O meu desejo é o de que, a prazo, franceses, e não só, permaneçam em Portugal sobretudo pelo somatório dessas qualidades intrínsecas do país e pela, espero eu, crescente prosperidade da sua economia e solidez das suas instituições, e menos por vantagens de outro tipo.

 

Portugal continua a saber acolher o investimento francês? Os constrangimentos detetados têm sido ultrapassados?

A nível interno, há constrangimentos e riscos de que os investidores – e os governantes – estão certamente conscientes.

É o FMI que recomenda uma melhoria da competitividade do país, com contenção dos custos do trabalho e melhoria da produtividade – em queda –, com mais investimento na formação e na inovação.

Custos da energia, complexidade burocrática nas relações com a Administração Pública – ainda que com significativas melhorias em muitas áreas – e falta de mão-de-obra fluente em francês são constrangimentos frequentemente apontados.

 

Na sua opinião, a saída do Reino Unido da União Europeia afeta a posição relativa de França e de Portugal?
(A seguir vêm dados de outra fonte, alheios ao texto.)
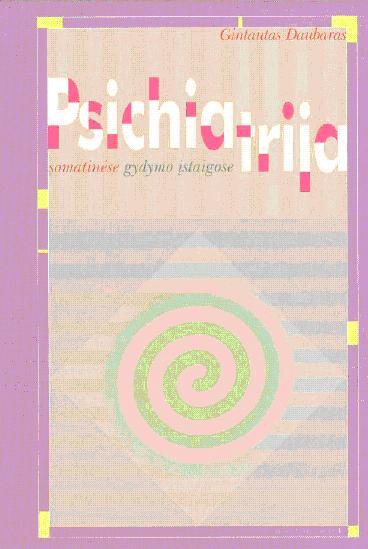 Psichiatrija somatinėse gydymo įstaigose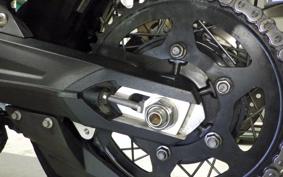 TRIUMPH TIGER 800 XC 2011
Em que medida?

O Reino Unido, mesmo fora da União, é um parceiro muito importante para esta – e a União para o Reino Unido –, não só no domínio da economia mas também nos da segurança, da defesa/militar e das relações externas, nomeadamente na relação com os EUA e com alguns dos países mais importantes do Commonwealth.

Parece haver uma convicção crescente de que um acordo de saída é possível, nesta fase em que as negociações vão entrar numa fase decisiva e aparentemente final. E de que a senhora Theresa May será capaz de convencer os seus pares conservadores mais renitentes e cépticos, e de ter o apoio de uma maioria na Câmara dos Comuns que ratifique o acordo. Com o risco, pouco risonho para a Europa, de o seu Governo cair e a Grã-Bretanha passar a ser governada pelo senhor Corbyn.

 

O que espera a CCILF da economia portuguesa este ano e no próximo?
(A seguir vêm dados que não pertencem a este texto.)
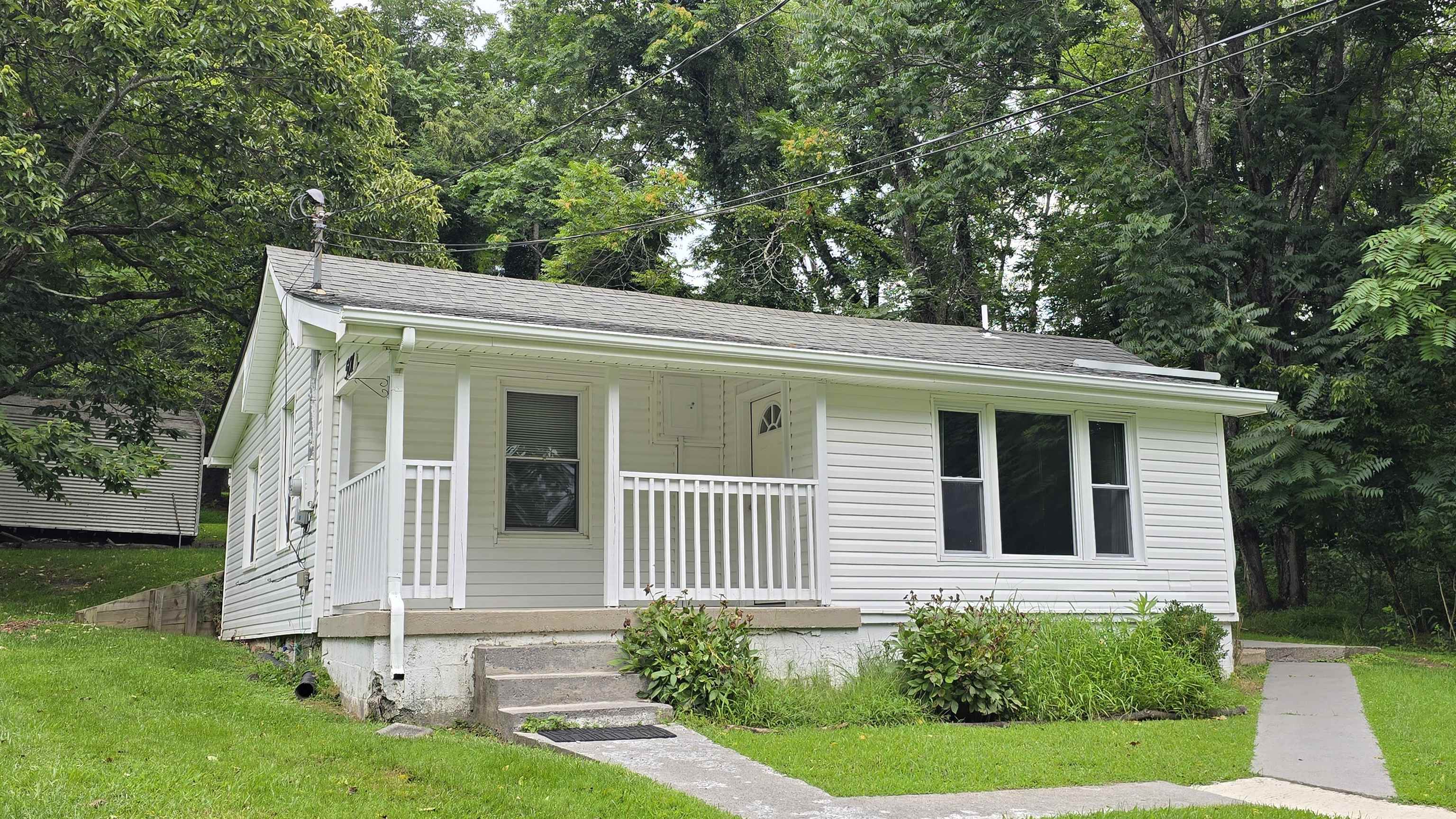501 Piedmont Street Blacksburg VA 24060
Numa palavra, porque a verdadeira resposta seria muito longa: que cresça mais e que reduza progressivamente a dívida.

E que não surjam fatores externos inesperados desfavoráveis que a condicionem.

 

Como tem evoluído a CCILF em números de associados e em iniciativas organizadas?

A CCILF continua a ter cerca de 600 associados. E continuamos a realizar a nossa missão fundamental de apoio às empresas francesas e portuguesas que queiram estabelecer laços comerciais e implantar-se nos dois países.

Seminários, conferências e almoços ou pequenos-almoços debate são, igualmente, parte da nossa atividade de ‘animação’.

Com regularidade, temos reunido, ou vamos reunir, pessoas e oradores no tratamento de temas como a indústria automóvel, a indústria aeronáutica, o emprego/recrutar em Portugal, as energias renováveis, como investir em Portugal e o imobiliário/turismo. E estamos sempre à procura de novos temas e de novas ideias que sejam atuais e úteis para os nossos participantes.

Os troféus continuarão a ser um dos nossos acontecimentos marcantes. Acrescentámos, a partir deste ano, mais um troféu, o “Troféu Start-Up”.

Temos procurado alargar a nossa atividade, ou pelo menos o conhecimento da mesma, a outras cidades e regiões do país, que não apenas Lisboa e Porto.

E renovámos a nossa sede em Lisboa, na Avenida da Liberdade, por forma a torná-la mais acolhedora e funcional.